Here I am. My box was outside, now it’s not, and I’m not sure when the transition happened. It’s a strange place, what I’ve chosen to call the Library, but not an unpleasant one. I can come in from the cold, read what I want, and there’s even the means to write when the urge takes me.
You may be thinking that I’m going to start talking about how the Library is ever-shifting, or how it contains the universe. Perhaps I’m supposed to go straight into metaphor. But the thing is, I wouldn’t really know. Even once I’ve explored the whole thing, how could I actually know that I’ve explored the whole thing? The parts where I’m not at any given moment could contain the deepest secrets of life, but I’m not there. I could put up cameras if I had the resources, but that just shifts where the questions focus, not their nature.
Despite this, we assume that something we haven’t seen before is impossible. We recognize the universe’s size on some level, but protect ourselves by demanding it follow expected patterns. Even though we’re wrong (or at least incomplete) every single time, we still haven’t seen the pattern. Don’t misunderstand: we have to do the best we can with what we have, and pattern-matching is so ingrained into us that I don’t think it’s possible to avoid it even if that were a good idea.

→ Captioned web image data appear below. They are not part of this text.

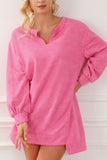 Notched Long Sleeve Oversize Sweatshirt 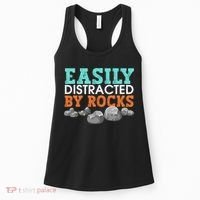 Funny Easily Distracted By Rocks Cool Humor Geology Rocks Women's Tank Top thumb 0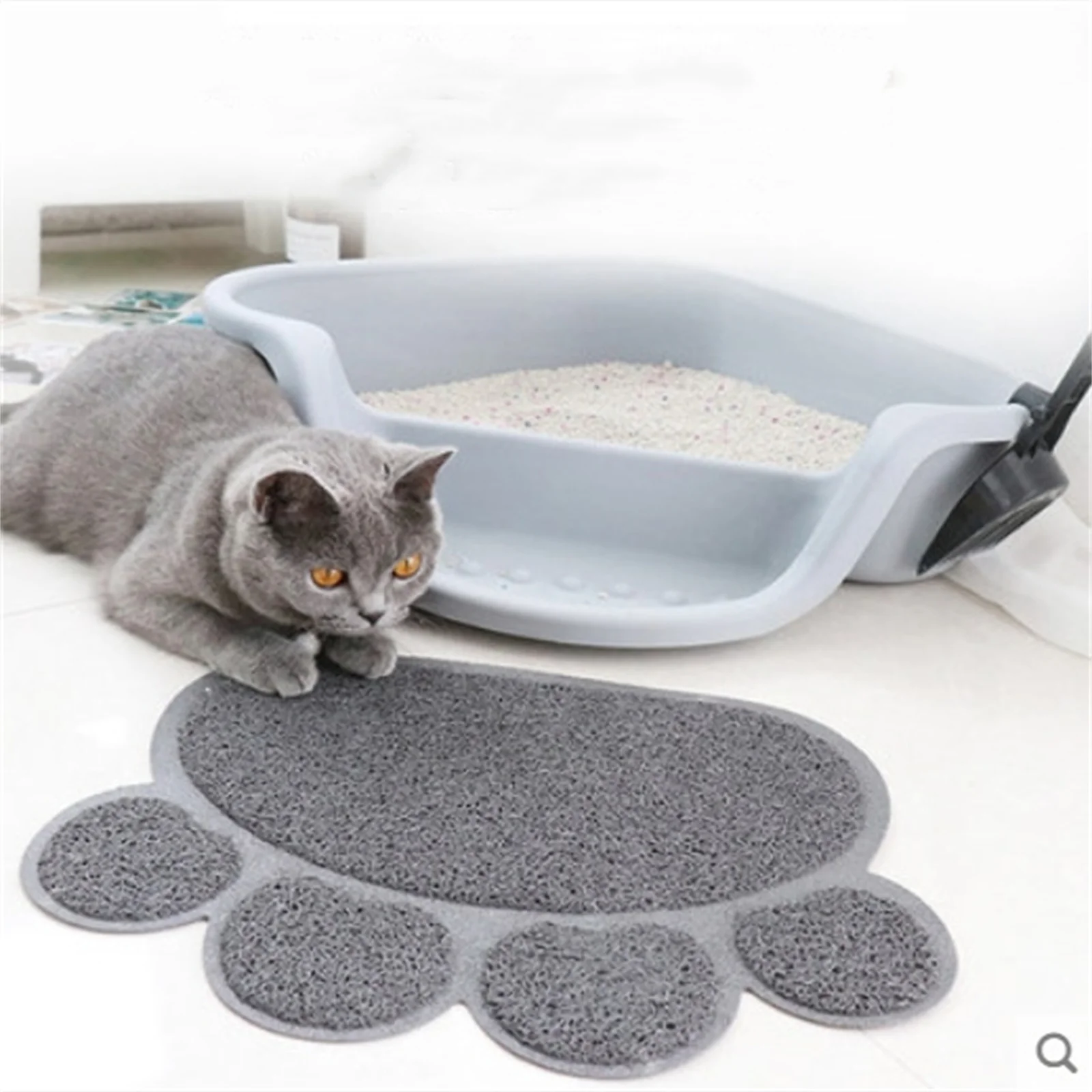 Cat Litter Mat Non-slip Pet Paw Shape Mat Pet Dog Cat Puppy Kitten Dish  Bowl Food Water Placemat Mat 30*40cm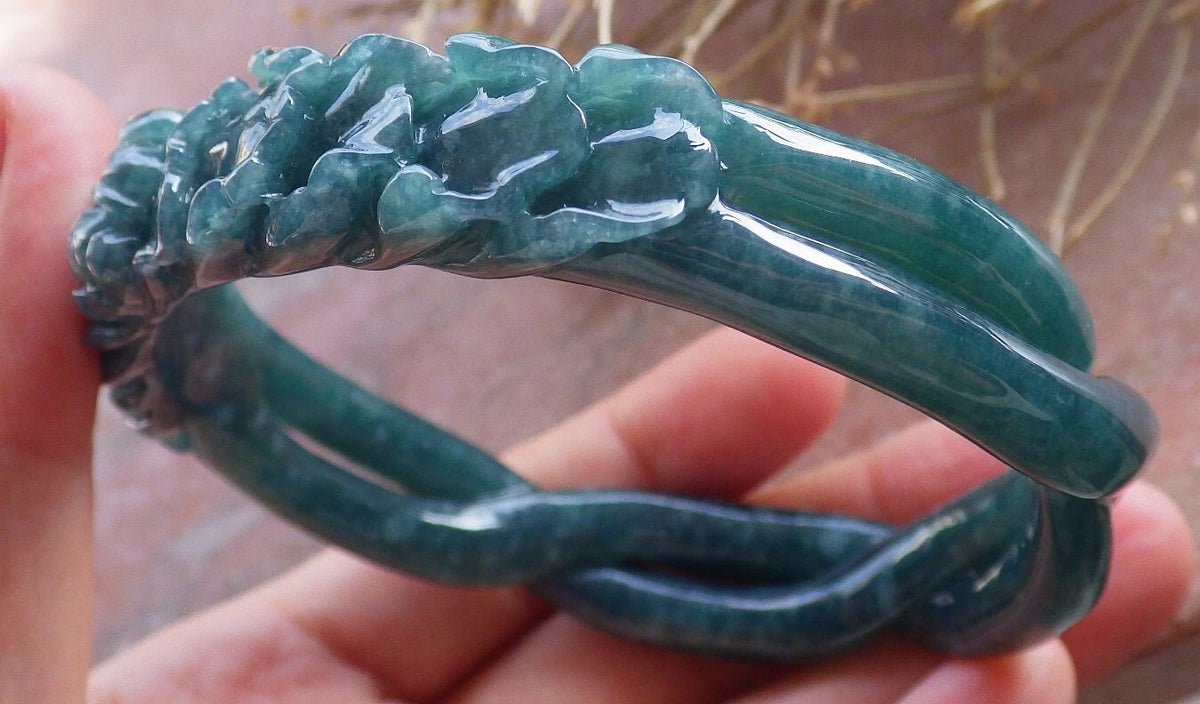 63mm Certified Hand Carved Icy Blue Green Natural A JADE Jadeite Flower Knotted Circle Bangle Bracelet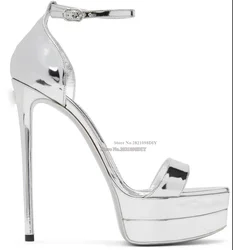 Metallic Silvery Ankle Strap Platform Dress Sandals Women Waterproof Straps Open Toe Thin High Heel Summer Heeled Party Shoes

The next time will or will not be different based on whether we want it to be as much as anything.
So this new space, just like every other, will do what it does regardless of the structures I may try to force upon it. We shouldn’t be surprised that our electronics, perhaps the closest thing we’ve come to duplicating ourselves, are digital; deep down we can’t really think otherwise. We have to have a sieve, but have no idea what we’re filtering out (or what gets in by accident). I’m sure you’ve heard the cliché: “right or wrong, just make a decision!” Amazing ignorance–not making a decision is as much a decision as making one.
New places are always a source of self-doubt for me. I find the possibilities to be frightening, not because I expect bad things to happen, but because I expect myself not to live up to them. Nonetheless, I cannot stop looking, which is how I ended up here. I don’t know why I can’t stop, nor do I know what a successful search would actually look like. I can’t truly put myself into someone else’s shoes, so can never really know if anyone needs to hear what I have to say. But I cannot stop trying! Any more than I could force myself not to breathe.
It’s easy to say that I should just keep doing it, but my drive is inconsistent. I don’t know if more feedback or less is ultimately what I need, or why the novelty of a new place wears off as quickly as it does. Maybe I’m supposed to be nomadic, but it would be nice to find a niche eventually–living things don’t do particularly well without one.